In this paper, we consider an outpatient clinic that accepts same-day and advance appointment requests, where the schedule for a given day has a fixed number of equal-duration slots. Patients requesting same-day booking always show up for consultation, while patients scheduling appointments ahead of time (advance request) sometimes miss their appointments. The clinic always single-books a same-day request and may double-book certain advance requests to compensate for no-shows. This is because patients with same-day appointments always show-up, and double-booking this patient type with another request increases the risk of both patients coming for the appointment at the same time. This, in turn, increases the patient waiting time and overburdens the resources. For this reason, similar studies in the literature also refrain from combining these requests in the same slot [10, 18]. Thus, a slot can be classified as either single-advance booking (1A), double-advance booking (2A), or open access/same-day single-booking (O) depending on their capacity and appointment requests they accommodate. If a slot is double-booked with two advance requests, then it is assumed that the patient who first called for an appointment is served first. The clinic experiences fluctuating demand for both same-day and advance bookings. If the total request for a particular type exceeds the capacity reserved for it in the schedule configuration, then the clinic cannot accommodate the excess demand on the day under consideration. Moreover, the clinic provides outpatient consultation and accepts appointments only for the afternoon session as the mornings are set aside for surgical procedures. Therefore, it is assumed that all patient calls are received before the first slot of the afternoon session.

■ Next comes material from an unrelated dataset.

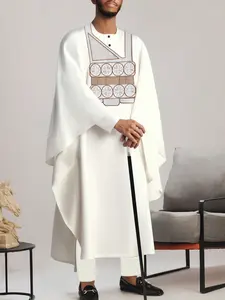 Men's Agbada Dashiki Set, Embroidered Button-Up Shirt & Drawstring Pants, Elegant Three-Piece for Weddings, Parties, Birthdays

The patients are expected to arrive according to the schedule and are served in two stages (see the nurse and then see the doctor). Nearly all patients, who show up, checked-in on-time or a few minutes earlier. Therefore, similar to most previous research, patients are assumed to be punctual if they show up [8, 10, 11, 18, 29]. Further, an arriving patient is assumed to visit each stage exactly once in a sequential manner. The clinic employs a fixed number of nurses (\(n \in \mathcal {N}\)) and doctors (\(d \in \mathcal {D}\)) for providing treatment in the first and second stage, respectively. Each doctor has his/her schedule, and one doctor does not serve the patients scheduled to another doctor. However, nurses are not dedicated to a specific doctor and can serve the patients scheduled to any doctor. Patients do not have a specific preference and accept any appointment time slot with any doctor. For clinic planning purposes, each slot’s duration is divided into smaller time duration among all the stages in the clinic. The time allotted for each stage is assumed to be equal to the average service time of that stage. For example, a two-stage clinic with a 30-minute slot duration may assign 10 minutes for Stage 1 and 20 minutes for Stage 2. Hence, each stage has an earliest start time and end time. However, the clinic only communicates the appointment time (i.e., slot beginning time) and the doctor assigned to a scheduled patient. It is assumed that if there is any time available between two slots, then the resources use that time-window for administrative duties, such as updating medical records, and these times are not considered for evaluating the schedule configuration. Even though the time allocated for each stage is constant, the patient’s service time can be longer or shorter than expected, and the resources must treat the patient for the entire duration. Further, the service time for each stage is assumed to be independent because the nurse usually performs the same pre-screening check (height, weight, blood pressure, medication history, etc.) for all patients, while the doctor provides treatments that are personalized to the needs of the patient. Therefore, there is no correlation between the nurse and physician service times for the clinic under study.

4 Problem statement

The clinic under consideration experiences different scenarios (ω ∈Ω) for a particular day of the week, where a scenario represents one realization of the following random (uncertain) parameters.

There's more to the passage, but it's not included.